Gegengleich 18.12.2009
2. Großartig
Hr.Middelhoff sponsort einen Arcandor- Lehrstuhl für ethisch saubere Unternehmensführung. Während andere Gelder gekürzt werden. Großartig! Und er liefert so auch gleich eine Fallstudie mit. Wie die wohl beurteilt worden wäre? Da reicht ja das althergebrachte "Bock zum Gärtner" schon nicht mehr aus. Vielleicht "Gevatter Tod zur Hebamme" oder ähnlich?
alpha0711 18.12.2009
3. Während andere den Job ....
verlieren , darf so "etwas" noch frei herumlaufen. Irgendwann lässt sich die Bevölkerung so etwas nicht mehr gefallen. Dann ist das Entsetzen bei der Politik groß. Armes Deutschland. Mehr gibt es dazu auch nicht zu sagen.
footballingenieur 18.12.2009
4. Schön!
3500€ für 'ne Dienstwohnung ... Cool. Das entspricht einem kompletten Brutto-Monatslohn für nicht-Schlechtverdiener.
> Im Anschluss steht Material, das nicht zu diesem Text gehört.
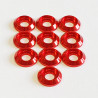 Rondelle M3 pour Vis BHC Rouge (10)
Das Verhältnis ist heftig! Da möchte man Schläge verteilen!
Currie Wurst 18.12.2009
5. Veruntreuung
Das reicht zumindest haarscharf an den Tatbestand der Untreue heran. Aber ganz sicher gibt es wieder einen gutbezahlten Winkeladvokaten, der auch hier die Grauzone zu Gunsten des Angeklagten auslegen würde. Dass solche Hasardeure wie Middelhoff immer wieder Unternehmen finden, die solchen "Eliten" unglaublich viel Geld für absolute Blindleistungen vergüten, ist das eigentlich Fragwürdige. Zwei Erkenntnisse sind ganz offensichtlich: es wird Zeit, von den Blendern auf ggf. unscheinbarere, aber gewissenhaftere Unternehmenslenker umzusatteln. Und niemand steht so über den Dingen, dass er als angestellter Manager mehr als 1 Mio inkl. aller Nebenleistungen erhalten muss. Wer sich für cleverer hält, soll es einfach mit seinem eigenen Geld als echter Unternehmer versuchen - davor haben alle Respekt, insbesondere, wenn dadurch Arbeitsplätze geschaffen und nicht vernichtet werden.